◆ **WHAT NEEDS TO BE DONE**: Only the lines below, from the one with "FILE - Special" through the one with "Graphic designer crafting", are to be written out, exactly.

◆ **EXERCISE DATA**:
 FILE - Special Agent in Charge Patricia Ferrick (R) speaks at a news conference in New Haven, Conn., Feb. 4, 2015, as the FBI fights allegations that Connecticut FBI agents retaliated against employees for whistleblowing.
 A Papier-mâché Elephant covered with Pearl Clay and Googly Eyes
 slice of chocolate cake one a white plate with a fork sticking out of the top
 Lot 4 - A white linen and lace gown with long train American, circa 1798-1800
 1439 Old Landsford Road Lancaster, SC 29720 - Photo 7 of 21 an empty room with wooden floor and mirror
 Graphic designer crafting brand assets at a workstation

...

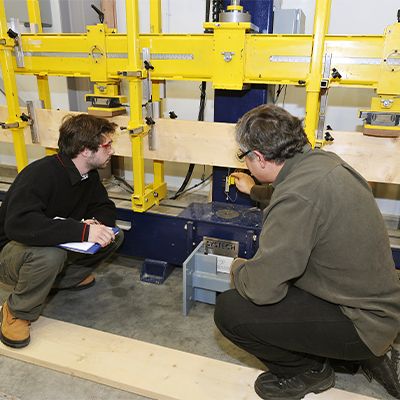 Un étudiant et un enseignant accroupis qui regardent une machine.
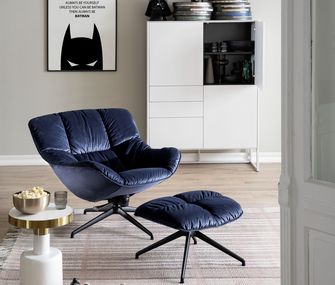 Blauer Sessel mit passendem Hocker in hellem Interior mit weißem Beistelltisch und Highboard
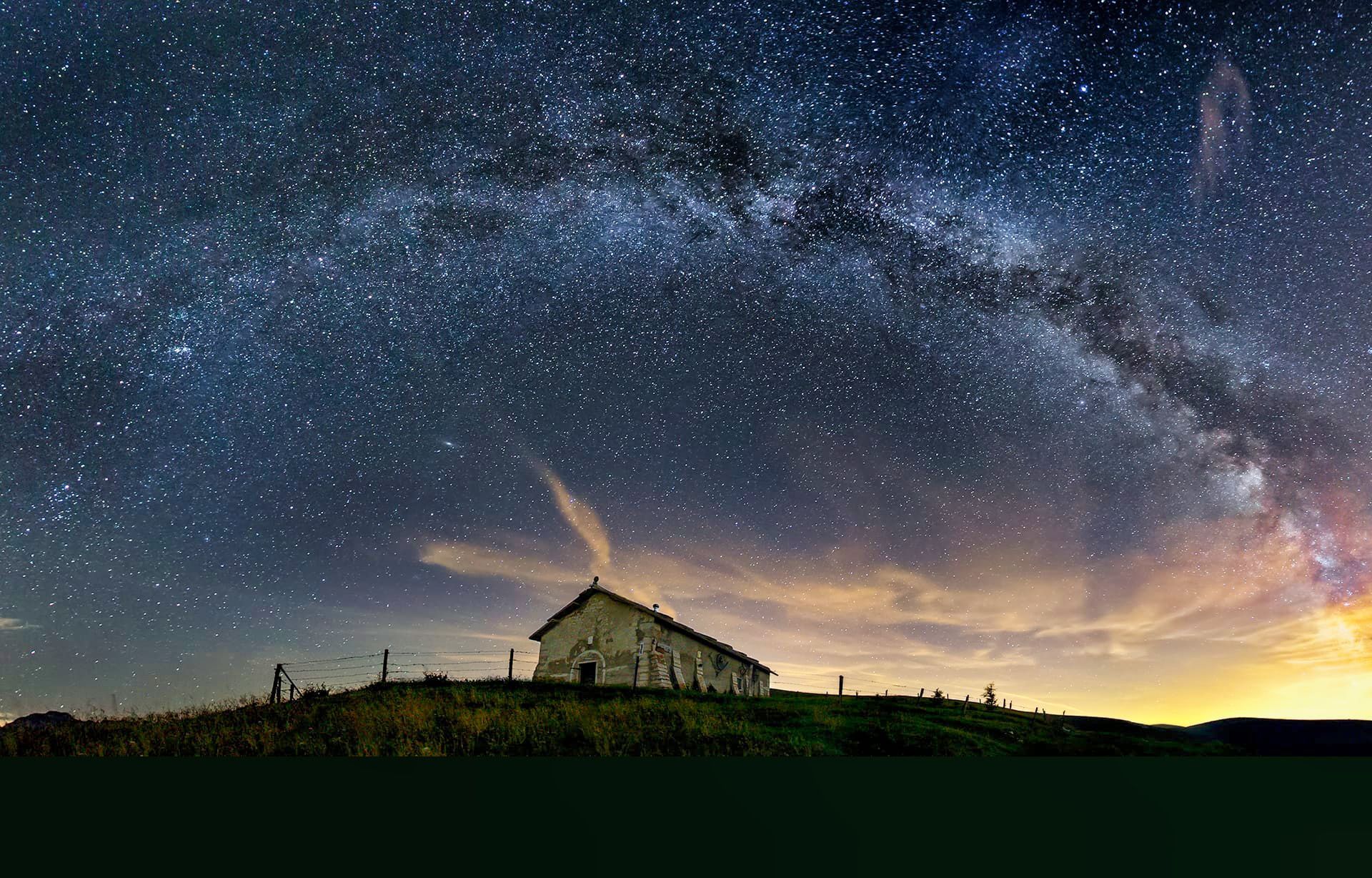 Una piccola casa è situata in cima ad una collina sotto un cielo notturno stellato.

* * *

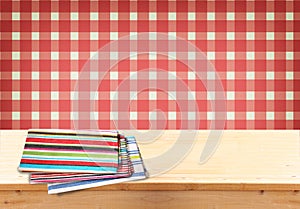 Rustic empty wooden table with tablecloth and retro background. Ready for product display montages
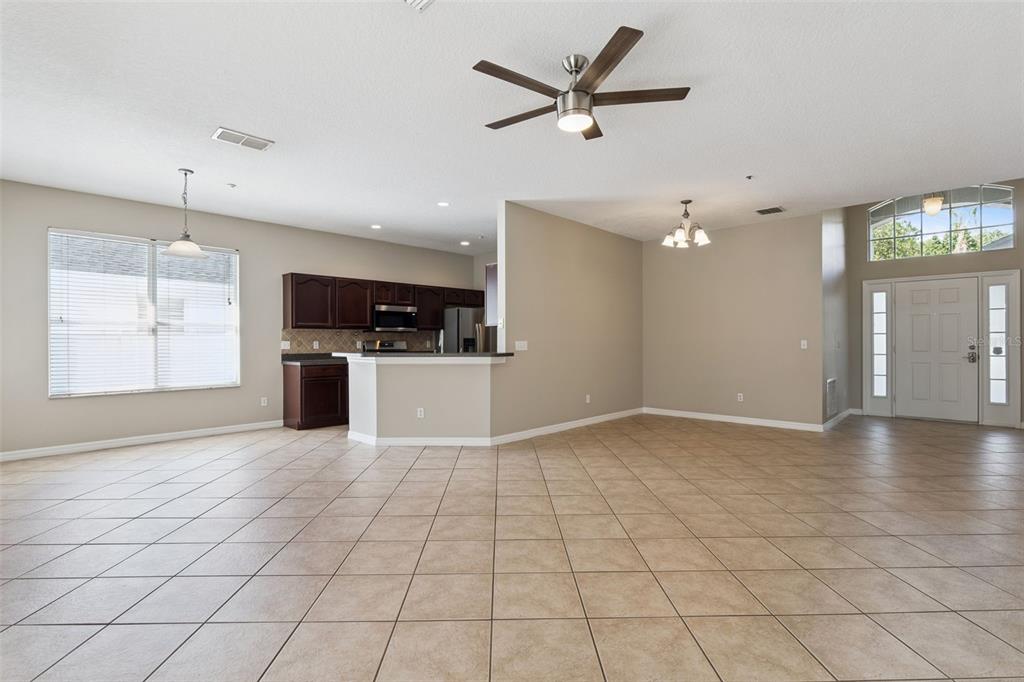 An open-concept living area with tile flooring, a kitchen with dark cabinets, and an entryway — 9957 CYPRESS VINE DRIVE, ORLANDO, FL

◆ **SOLUTION TO THIS PROBLEM**:
 FILE - Special Agent in Charge Patricia Ferrick (R) speaks at a news conference in New Haven, Conn., Feb. 4, 2015, as the FBI fights allegations that Connecticut FBI agents retaliated against employees for whistleblowing.
 A Papier-mâché Elephant covered with Pearl Clay and Googly Eyes
 slice of chocolate cake one a white plate with a fork sticking out of the top
 Lot 4 - A white linen and lace gown with long train American, circa 1798-1800
 1439 Old Landsford Road Lancaster, SC 29720 - Photo 7 of 21 an empty room with wooden floor and mirror
 Graphic designer crafting brand assets at a workstation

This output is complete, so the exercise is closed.